How to Write a Hero: The 12 Stages of the Hero’s Character Arc
Heroes are integral to the history of storytelling.
Not only are heroes beloved, but they’re practically required for many stories. Classic heroes such as Robin Hood and King Arthur mix with modern variations like Simba and Shane to form a formidable pantheon. However, perhaps more interesting than who we consider a hero is what all heroes have in common: the hero’s character arc.
This hero’s character arc demands that the hero leave home, sent away to prove themselves and grow into the leader their community needs. Their journeys are always ones of service and self-sacrifice. Most importantly, this hero’s character arc is something you can use to write memorable, compelling heroes all your own!
How to Write a Classic Hero: The Hero’s Journey
- 1 How to Write a Classic Hero: The Hero’s Journey
- 2 Understanding the Hero’s Inner Journey
- 3 The 12 Stages of the Hero’s Character Arc
- 4 Ashitaka: The Hero’s Arc of Princess Mononoke
- 5 Writing a Hero’s Character Arc for Your Story
Whenever someone asks me how to write a hero, I immediately point them towards Joseph Campbell.
After all, we can’t talk about heroes without first talking about the Hero’s Journey.
At its most basic, the Hero’s Journey is a common pattern all hero characters follow, popularized by Campbell.
It follows a character as they’re called on an adventure, face a series of trials, and undergo a final challenge where they prove they’ve grown into the hero’s archetype.
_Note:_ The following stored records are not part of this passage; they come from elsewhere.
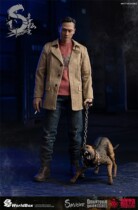 Pre-sale Worldbox 1 6 AT036 City Gangster Smuggler - Pick-up Horn can be a moving figure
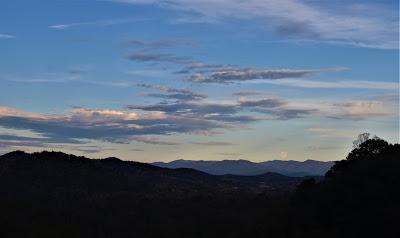 Moonrise-- Almost Hunter's Moon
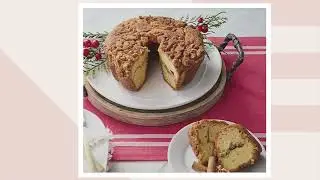 My Grandma's (1) 28 oz. Coffee Cake in Gift Box on QVC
However, unlike similar story structures like the Three Act Structure, the Hero’s Journey doesn’t stop there.
You see, the success of society is just as important as the success of the hero themself.
This is why the Hero’s Journey requires the hero to return home and share their new skills and knowledge, helping their society heal and prosper as the final phase of their journey. Without that crucial step, their hero’s character arc is incomplete.
“Heroes are symbols of the soul in transformation, and of the journey each person takes through life. The stages of that progression, the natural stages of life and growth, make up the Hero’s Journey.” — Christopher Vogler
While Campbell’s legacy may be complex these days (especially because of his rather toxic views of women), the basic structure he outlined in The Hero with a Thousand Faces remains one of the best explanations of the journey characters must go on to be considered a hero.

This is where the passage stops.